Born in Cambridge, Barry Eric Odell Pain was educated at Sedbergh School and Corpus Christi College, Cambridge. He became a prominent contributor to The Granta. He was known as a writer of parody and lightly humorous stories.
I discovered this by accident, packaged as a missing link in British humor between "Diary of a Nobody" and P. G. Wodehouse. With the endorsement of Terry Jones, I couldn't pass it up. Like "Diary of a Nobody," it is about the foibles of a lower-middle-class bumbler, but unlike "Diary" it is free of class condescension and has a warmth that is lacking in "Diary"--which explains why Lady Marchmain in "Brideshead Revisited" wasn't forcing her weekend guests to listen to the Eliza Stories. Also, these stories were not collected in a book initially, but appeared in short short installments in pamphlets and magazines sold in railway stations. Reading several in a row reminds you that they are best read at the rate of one a day, so reading them one a day is how I went through this book. I loved the stories--amusing and a weird window into one corner of Edwardian life. The main character initially appears to be a sort of stack-blowing Basil Fawlty creep, but he is humanized, almost lovable, by the end. The last section shifts to the point of view of the unnamed protagonist's young son Ernest, and I get the impression that Pain meant to develop this character but never got around to it. A precocious child obsessed with the minutiae of finance but lacking certain empathetic qualities, it's not clear if Pain is channeling some person he knows--or perhaps himself is?--who has what we would now call Asperger's syndrome, or whether he had some larger point to make, or both. It's a shame he didn't write more of these.
Incidentally, despite what some blurbs will tell you, it's not as funny as "Three Men in a Boat," precisely because nothing is as funny as "Three Men in a Boat."
I love this book for the same reasons I love the BBC comedy "Keeping Up Appearances"—it focuses on a hilariously un-self-aware pompous wind-bag whose pretenses are crystal clear to everyone else. The Eliza stories are told from the point of view of a social climbing, dimwitted Edwardian clerk, never named, who industriously instructs his clever wife on pretty much everything. A book to read and re-read.
This is a similar type of humour to "The Diary of a Nobody" but much better.
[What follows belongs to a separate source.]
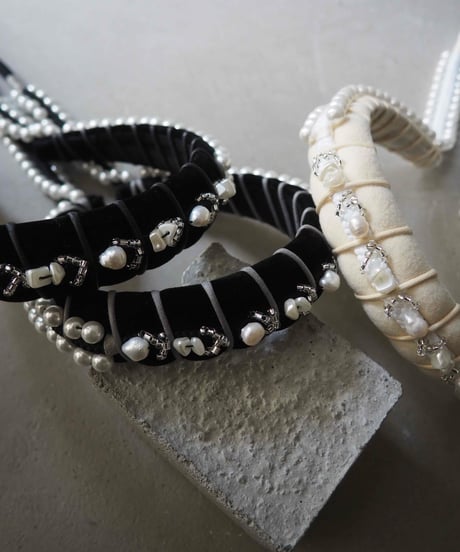 85℃ headband / black × gray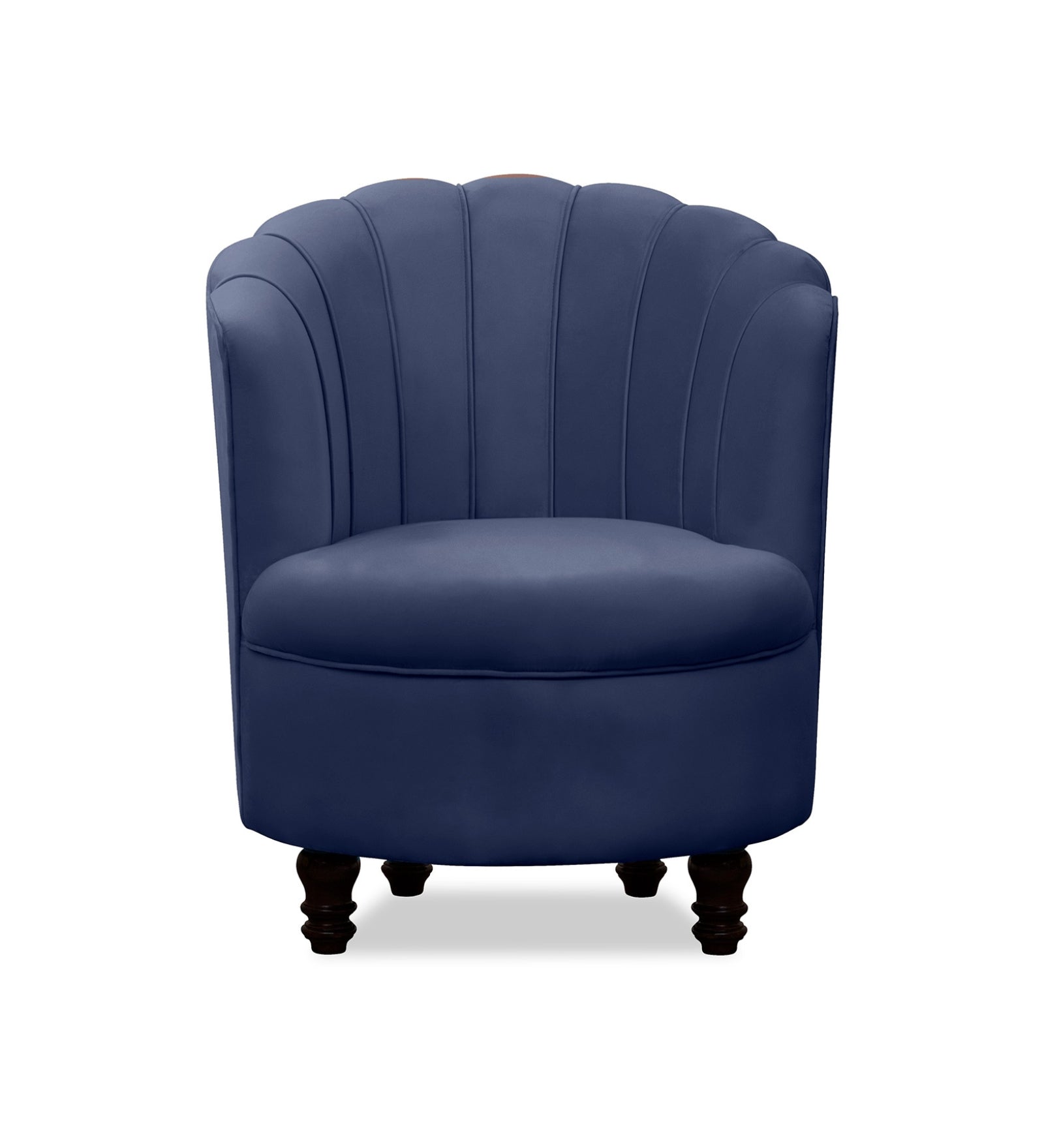 Clark Velvet Slipper Chair in Imperial Blue Colour - Febonic Living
Barry Pain doesn't over-work the jokes. It's observational humour rather than humour through word play and very funny. The really clever thing is that Eliza's son has the same faults as his father. You just laugh at the father, he's a buffoon, but the son, although funny, is actually quite sinister.
Similar in concept to Diary of a Nobody or Augustus Carp: a small-minded British man writes about himself and shows how small-minded he is, acting thereby as a satire on the preoccupations of his entire class. It's mildly amusing, but not enough so for me to get very far through it.
A contemporary of the Grossmiths, Pain's comic creation - Eliza's husband (he is never referred to by his forename) is an arrogant, honourable, ineffectual, well-meaning, pompous snob. He irritates Eliza, the servants and tradesmen and gets himself into all sorts of hilarious predicaments which will delight anyone who has read Diary of a Nobody (to which it is very similar), Three Men in a Boat or is a fan of TV's Victor Meldrew. He always reminds me of Arthur Lowe's Captain Mainwaring. Timeless comedy and written in brief episodic chapters which are perfect for bedtime reading, although I doubt if you could limit yourself to one chapter per night. I first read a battered 2nd hand paperback copy over 30 years ago and loved it immediately. So that I could get copies for friends I contacted Prion books to see if they'd be interested in buying the rights and re-publishing. To my delight they did, and i feel kind of proud to have kept it in print for a while longer. They also took up my suggestion to re-publish Fortune/Wells' A Melon for Ecstasy, another lost classic
Collection of five British humor novellas written in the Edwardian Era (1900-1913). Good character sketches and view of life for the time period. Several laugh out loud moments.